**** Material provided ****

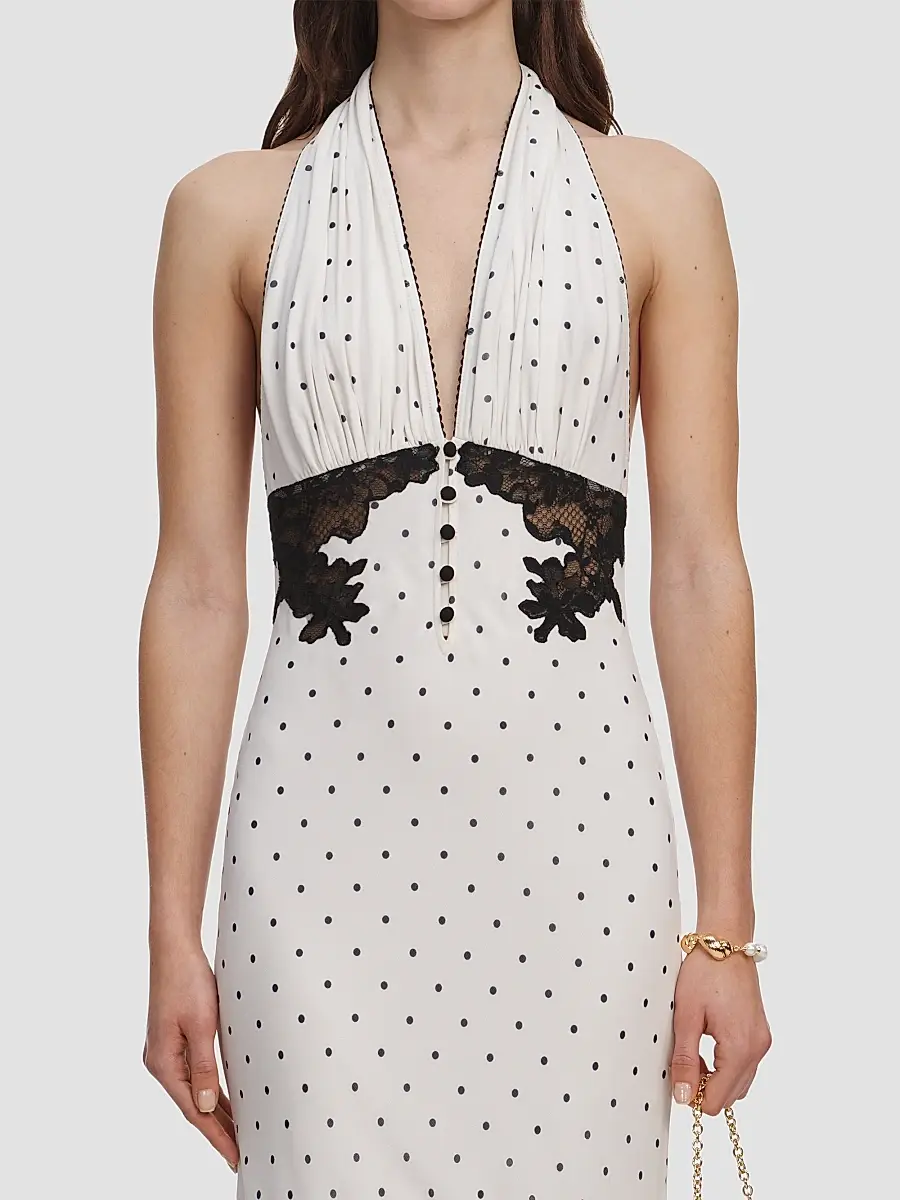 Self-Portrait Women's Polka Dot Halterneck High-Low Maxi Dress | Thumbnail 5 Self-Portrait Women's Polka Dot Halterneck High-Low Maxi Dress | Thumbnail 5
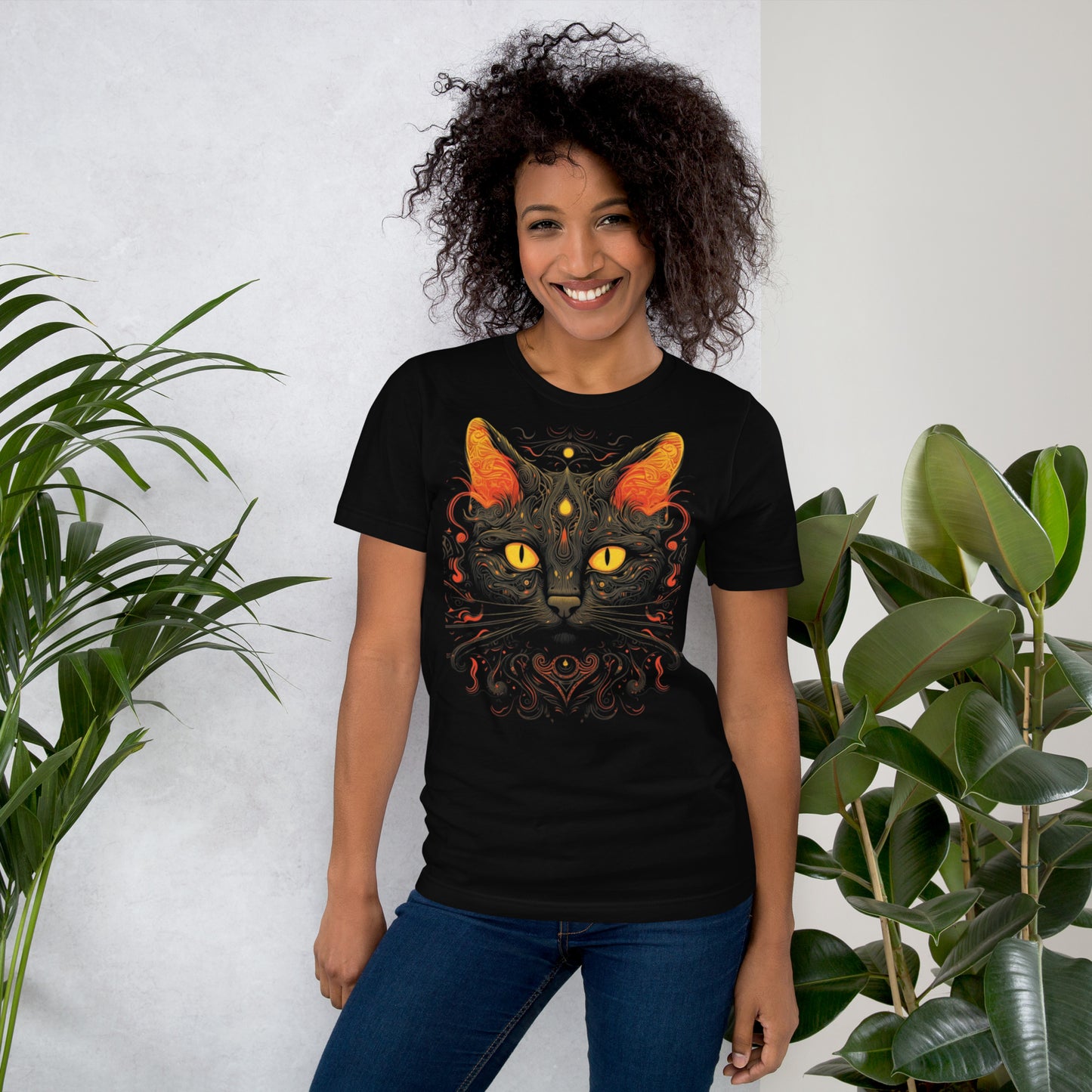 Unisex t-shirt, Black Cat, named Luna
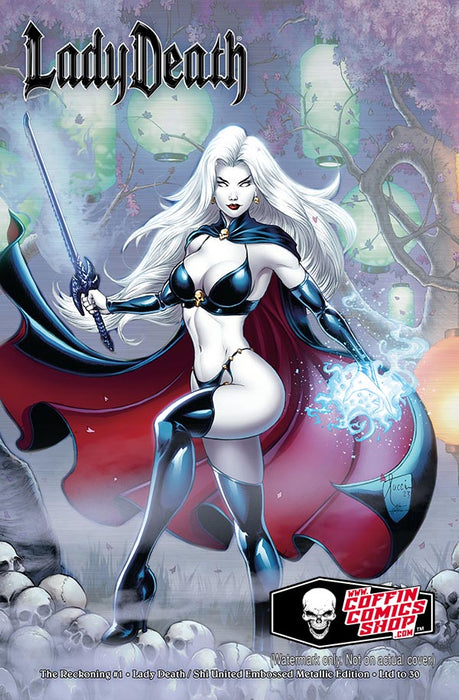 Lady Death: The Reckoning #1 - Lady Death / Shi United Embossed Metallic Edition (Mockup) - Catacomb 12/18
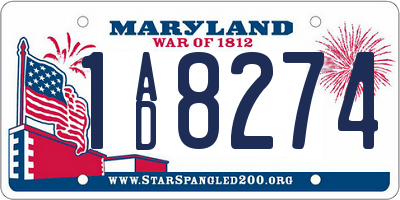 MD license plate 1AD8274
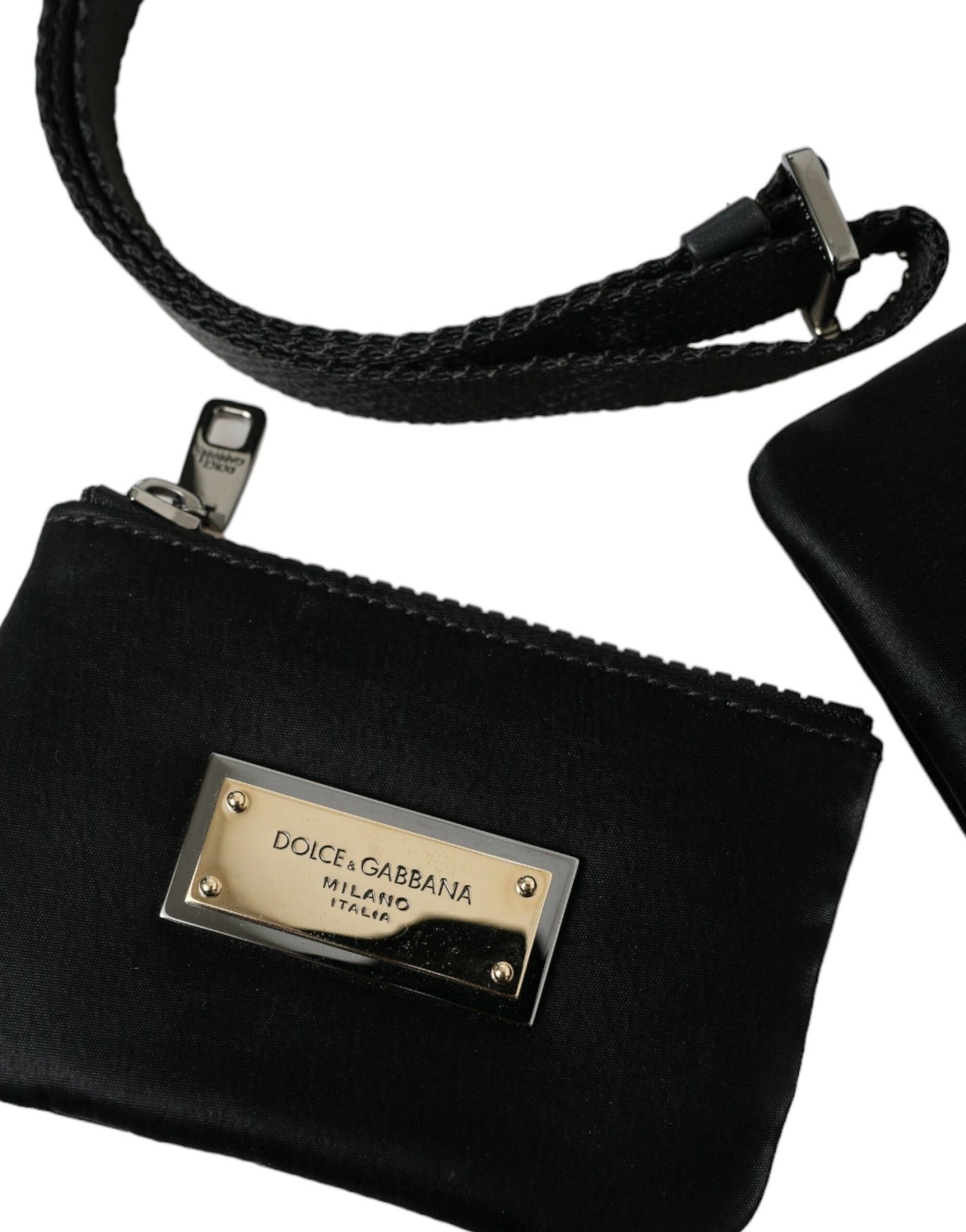 Dolce & Gabbana  Black Nylon Logo Plaque Keyring Pouch Clutch Bag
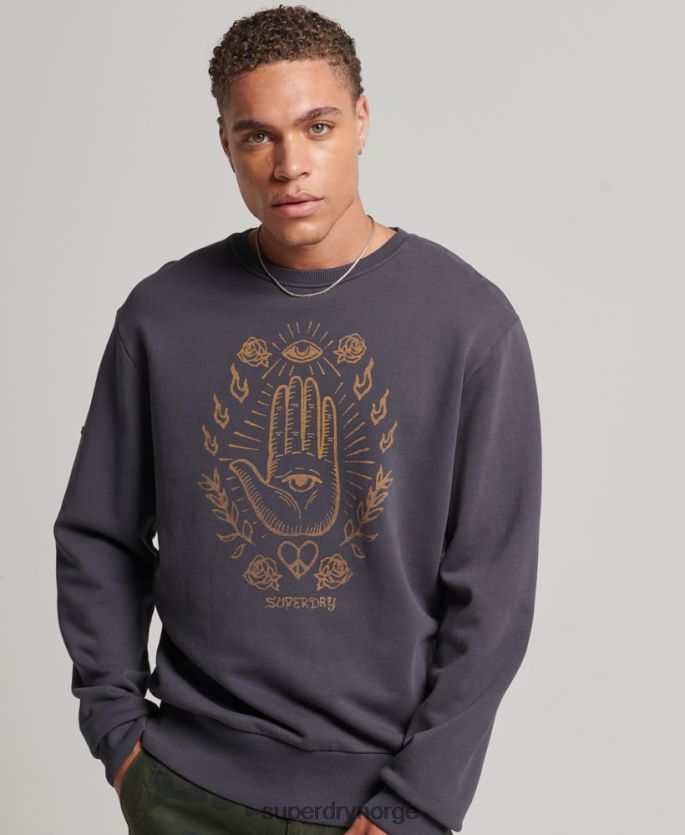 Superdry mørk grå klær 86P46D5111 genser for psych rock crew menn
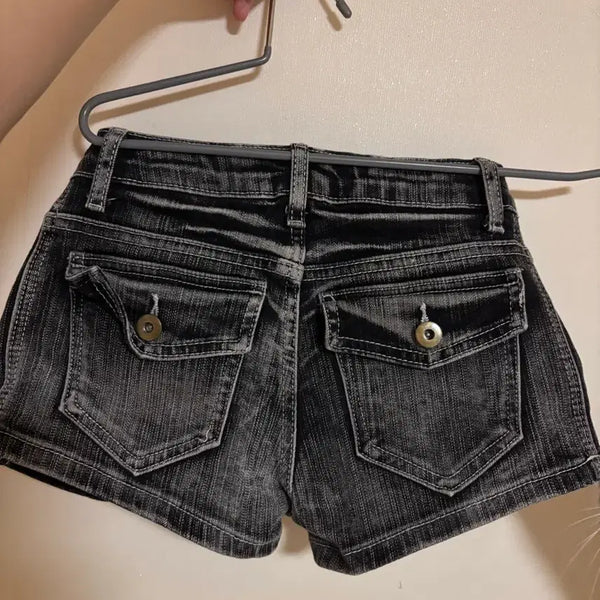 [BUNJANG] Black Denim Short Shorts / 블랙 데님 숏팬츠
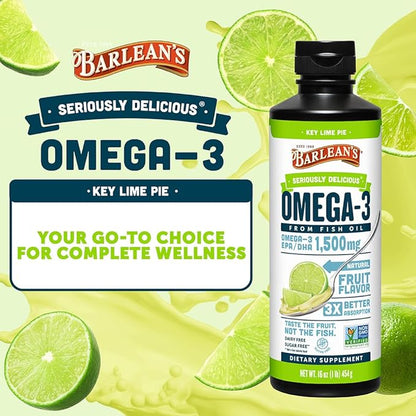 Barlean's Omega 3 Fish Oil Liquid Supplement for Men and Women, 1500mg of EPA and DHA Fatty Acid, Promotes Brain & Heart Health - Non-GMO, Key Lime Pie, 16 oz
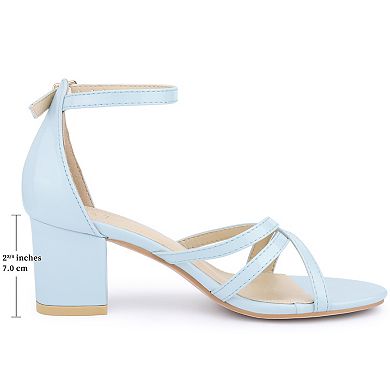Women's Chunky Heel Ankle Strap Round Toe Sandals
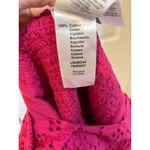 La Blanca Magenta Pink Eyelet Mini Dress Square Neck Puff Sleeve Medium Photo 3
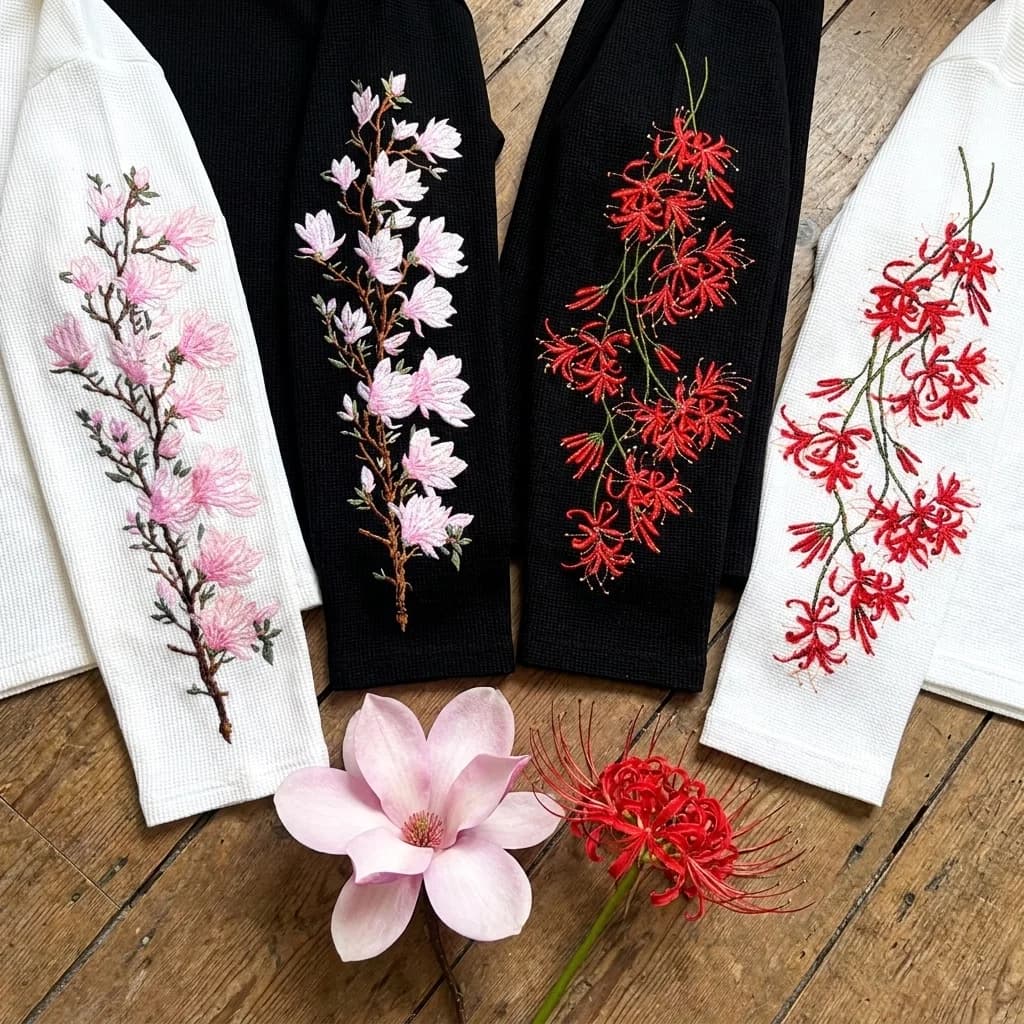 T-Shirt Vintage con Ricamo Floreale e Maniche Lunghe per Uomo, Grafica Spider Lily, Stile Harajuku Streetwear Unisex, Top Casual Autunnale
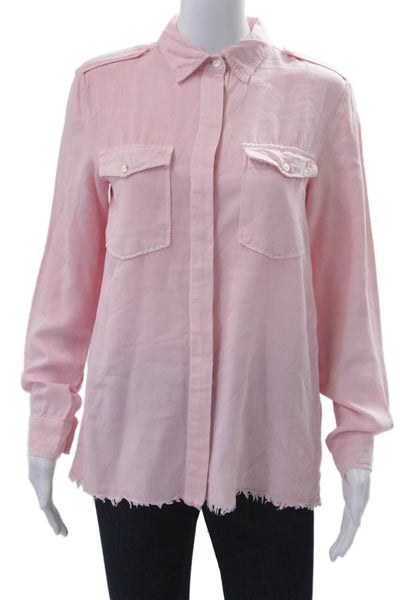 Zara Women Collared Long Sleeve Pink Lyocell Button-Up Top Size M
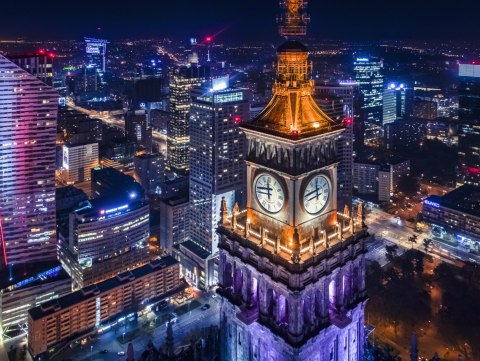 Obraz Wieloczęściowy Warszawska Panorama Nocą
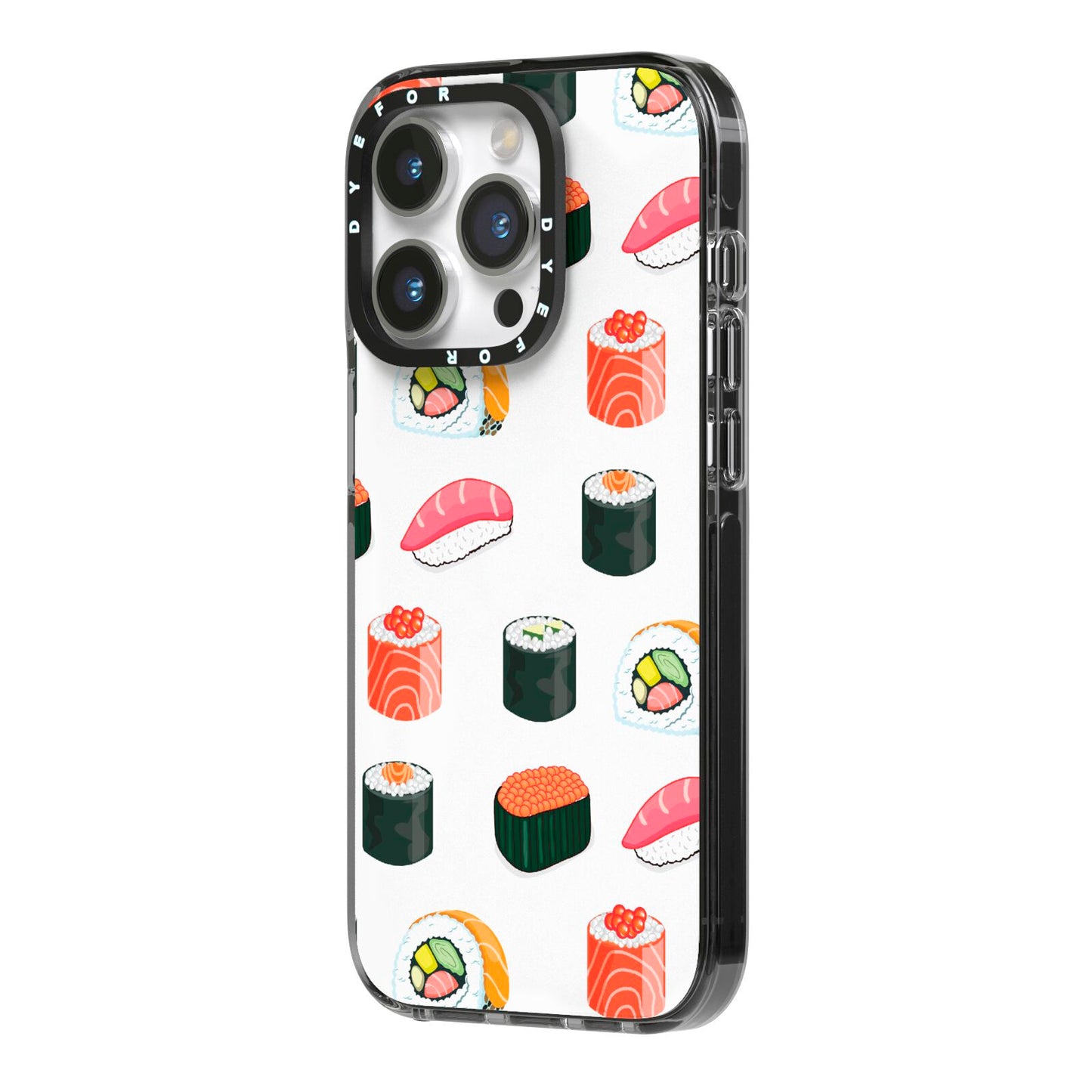 Sushi Pattern 1 iPhone 14 Pro Black Impact Case Side Angle on Silver phone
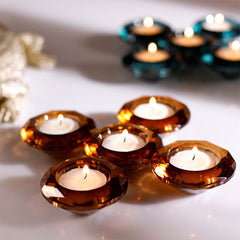 Milara T-Light Candle Holder Amber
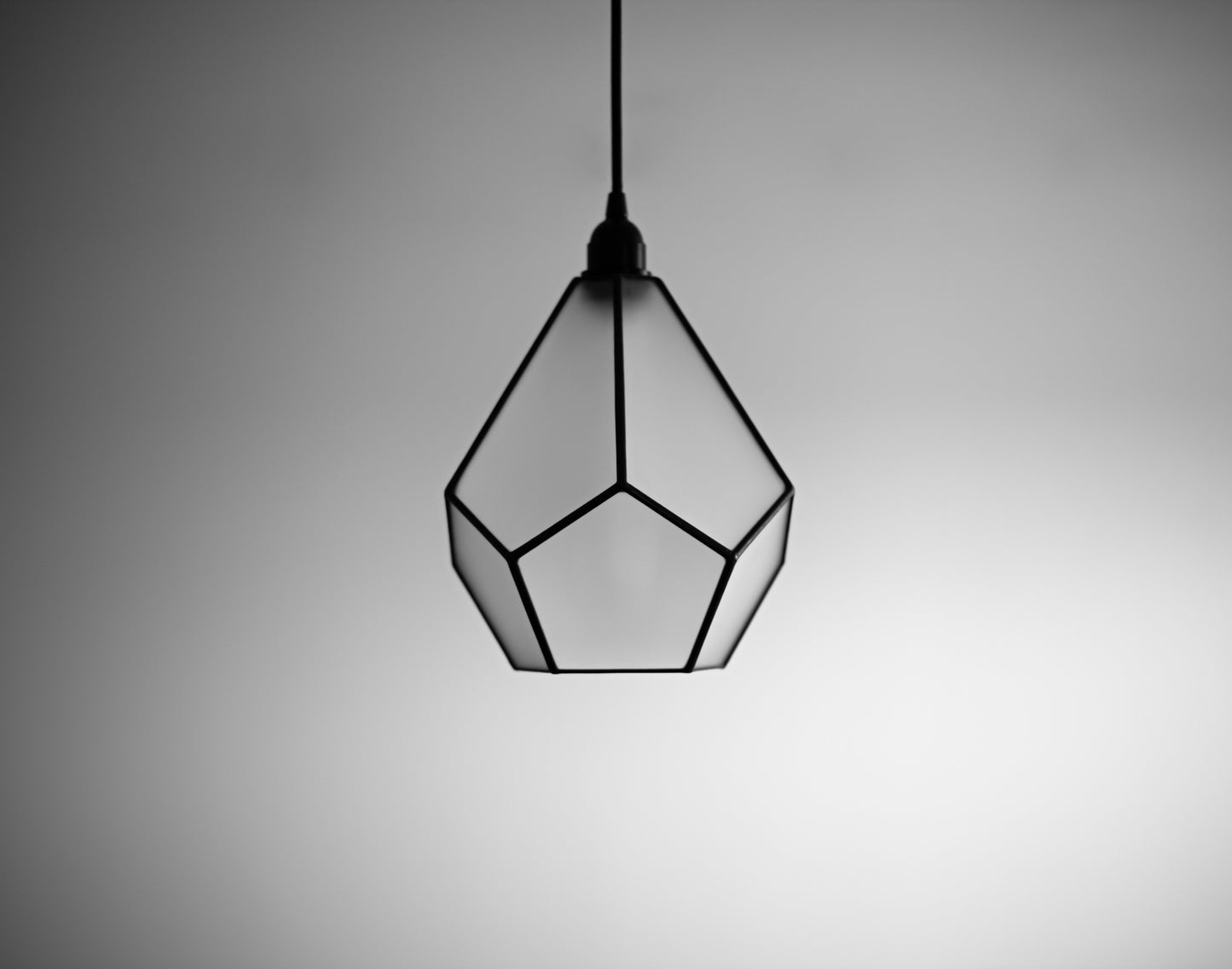 Pointed Dodecahedron Geometric Matt Glass Chandelier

****

• Problem description
Without including any pictures, copy every line above exactly.

• Response box
 Self-Portrait Women's Polka Dot Halterneck High-Low Maxi Dress | Thumbnail 5 Self-Portrait Women's Polka Dot Halterneck High-Low Maxi Dress | Thumbnail 5
 Unisex t-shirt, Black Cat, named Luna
 Lady Death: The Reckoning #1 - Lady Death / Shi United Embossed Metallic Edition (Mockup) - Catacomb 12/18
 MD license plate 1AD8274
 Dolce & Gabbana  Black Nylon Logo Plaque Keyring Pouch Clutch Bag
 Superdry mørk grå klær 86P46D5111 genser for psych rock crew menn
 [BUNJANG] Black Denim Short Shorts / 블랙 데님 숏팬츠
 Barlean's Omega 3 Fish Oil Liquid Supplement for Men and Women, 1500mg of EPA and DHA Fatty Acid, Promotes Brain & Heart Health - Non-GMO, Key Lime Pie, 16 oz
Women's Chunky Heel Ankle Strap Round Toe Sandals
 La Blanca Magenta Pink Eyelet Mini Dress Square Neck Puff Sleeve Medium Photo 3
 T-Shirt Vintage con Ricamo Floreale e Maniche Lunghe per Uomo, Grafica Spider Lily, Stile Harajuku Streetwear Unisex, Top Casual Autunnale
 Zara Women Collared Long Sleeve Pink Lyocell Button-Up Top Size M
 Obraz Wieloczęściowy Warszawska Panorama Nocą
 Sushi Pattern 1 iPhone 14 Pro Black Impact Case Side Angle on Silver phone
 Milara T-Light Candle Holder Amber
 Pointed Dodecahedron Geometric Matt Glass Chandelier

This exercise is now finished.